My trouble with it is that I need to know what I'm looking for, either a specific command or apropos. But I'm interested in a more exploratory approach, same as if I go to the handbook and start clicking around. Often times people will link to a man page that I never knew existed, wouldn't know to search for, and I'm not sure how I'd come across it other than via someone linking it.

Is there a simple, somewhat organized way to browse man pages? The closest I've come is apropos * which is a flat list of all man pages. It doesn't seem able to break down by section even (it always changes to "all sections").


----------



## Alain De Vos (Sep 9, 2022)

Personally i consider man pages having a more or less flat structure, i.e. not a tree.
Going smootly from one to another maybe some key-shortcuts from "less" ?
"less --help"


----------



## astyle (Sep 9, 2022)

patmaddox said:


> Often times people will link to a man page that I never knew existed, wouldn't know to search for, and I'm not sure how I'd come across it other than via someone linking it.

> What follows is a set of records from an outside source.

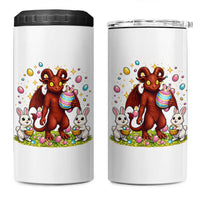 Jersey Devil Easter Egg Hunt 4 in 1 Can Cooler Tumbler Funny Pine Barrens Folklore Gift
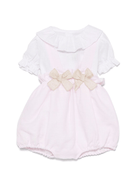 Set top e shorts per neonata La Stupenderia bianco con cinturini con bottone - Rubino Kids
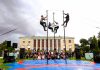 Chinese pole acrobatics at the French Embassy
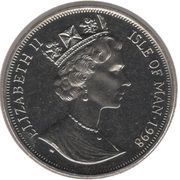 1 Crown - Elizabeth II World Cup - France obverse image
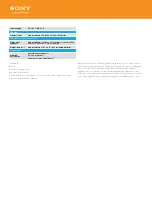 Preview for 2 page of Sony RDP-M7iPN Specifications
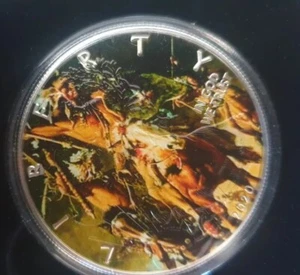 Liberty American Silver Eagle 1oz Colorized 2020 Indianer # 1 - Bild 1 von 2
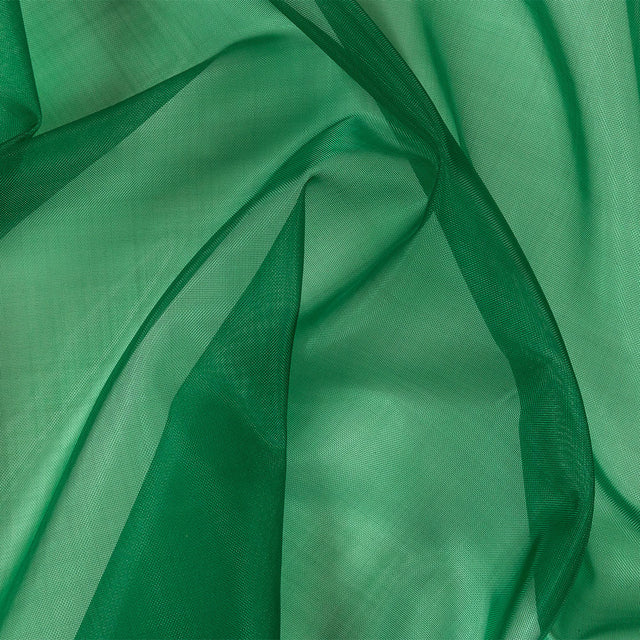 Stiff Polyester Organdy - Kelly Green - Rhiannon Collection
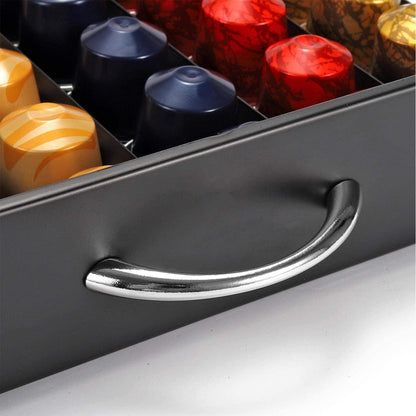 CARLA HOME Coffee Pods Holder Storage Drawer Compatible with 60 Nespresso Pods for Kitchen Storage & Organisation, Nespresso Pod Holder Coffee Machine for Home Storage (Black)-1978962244230320131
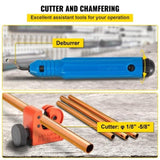 VEVOR Hydraulic Flaring Tool Kit, 45&deg; Double Flaring Tool, Brake Repair Brake Flaring Tools for V952-KKJDXTZ450305CHVCV0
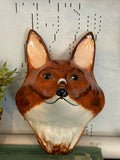Vintage Ceramic Fox String and Scissor Holder Made in England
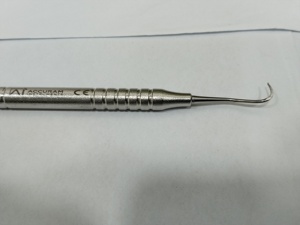 Gouges professionnelles en acier inoxydable de qualité médicale à double face 2,0 mm pour le nail art DIY - Product Image 2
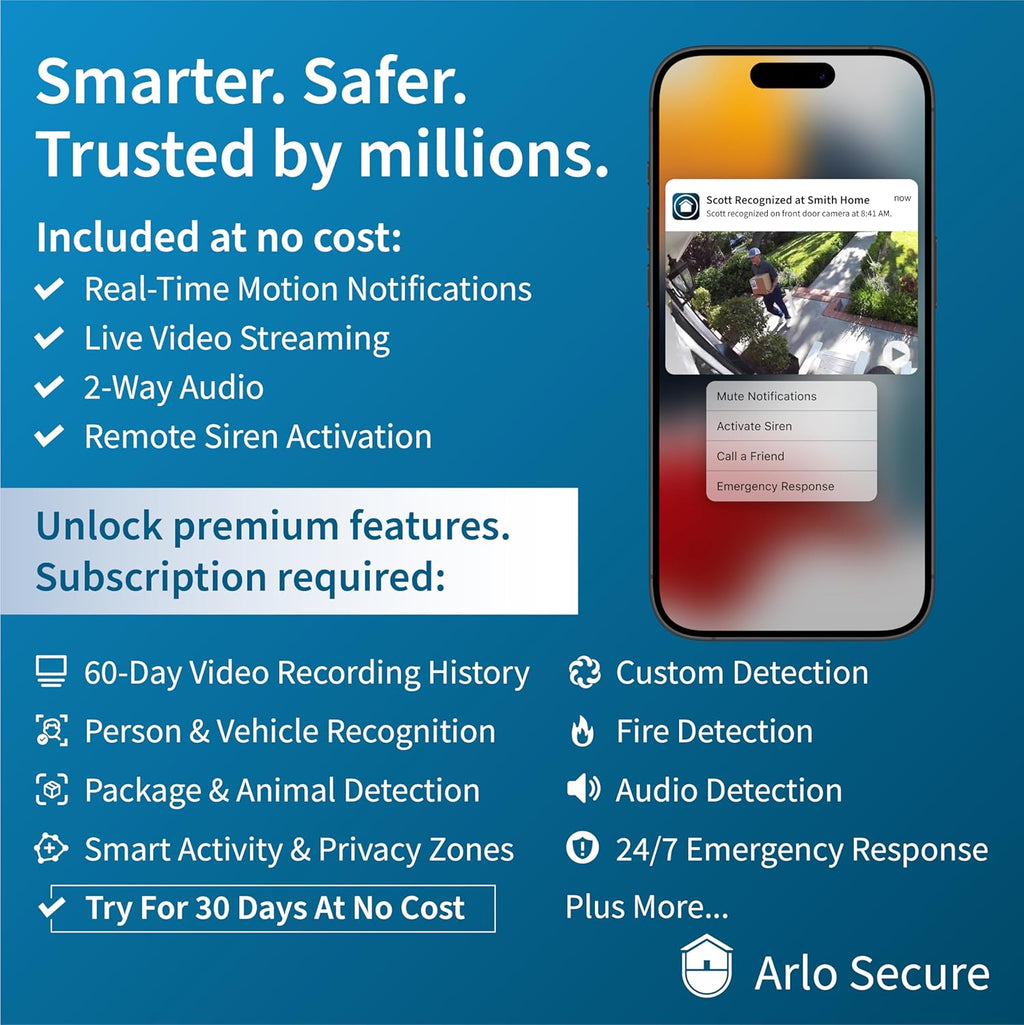 Essential Security Cameras Wireless Outdoor 2K (2nd Gen, 2023 Release) - Battery Power, Person Recognition, Package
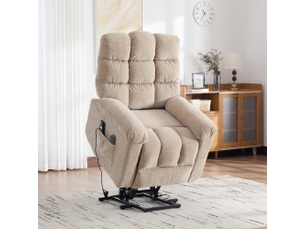 Fauteuil relax électrique  RAELUNYI Cuir / Tissu noir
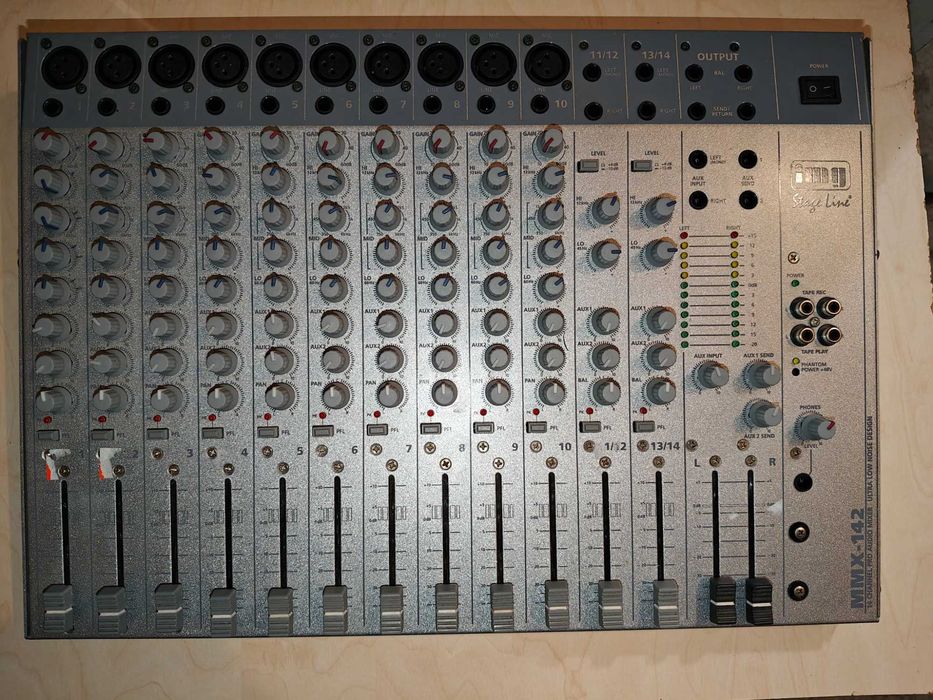 два 14 канален Mixer IMG StageLine MMX 142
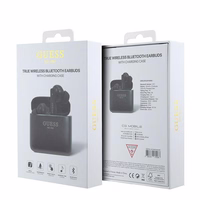 Guess Bluetooth headphones GUTWSSU20ALEGK TWS + docking station must/must Printed Logo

To me personally, that's kind of 'Nature of the beast'... When manpages first came about, typing `man someutility` was just a quick way of reading a manpage without having to thumb through an unwieldy physical book. If I don't even know what I'm looking for, I first define my task, like 'Compilation on command line', and Google will tell me that it's the `make` utility.

But... consider `man make`: Yeah, it will output the manpage for the make(1) utility. It's a pretty long page, with lots of options. To top it all off, `make` accepts a LOT more flags than what's described in its manpage - those additional flags are defined in the makefile. 

I guess if you want to explore, one approach would be to run `ls /usr/bin`, which will list a LOT of userland utilities, they usually would have a manpage associated with them... Yeah, cumbersome, but that's the original UNIX approach.

Doing a quick Google Search for 'linux manpages' led me to this : https://www.kernel.org/doc/man-pages/ - I think that you're looking for this kind of browsing. Just keep in mind, it's aimed at Linux, rather than FreeBSD... :/ My personal trouble with Linux is that basic stuff like `ifconfig` varies from distro to distro - some distros have it in /sbin, others have it in /usr/local/bin, others in /usr/libexec, the list can go on and on.

Another thing to keep in mind is that most packages will install their own manpages beyond what's in base install of FreeBSD. Online manpages reflect the base install. This is part of the reason ppl link to obscure manpages that you wouldn't find otherwise...  it's basically up to you to grab on a tiny bit of relevant info and use that to unearth a treasure trove.


----------



## mer (Sep 9, 2022)

man -k keyword
"list all the man pages that include the keyword"

similar to apropos keyword


----------



## SirDice (Sep 9, 2022)

astyle said:


> Online manpages reflect the base install.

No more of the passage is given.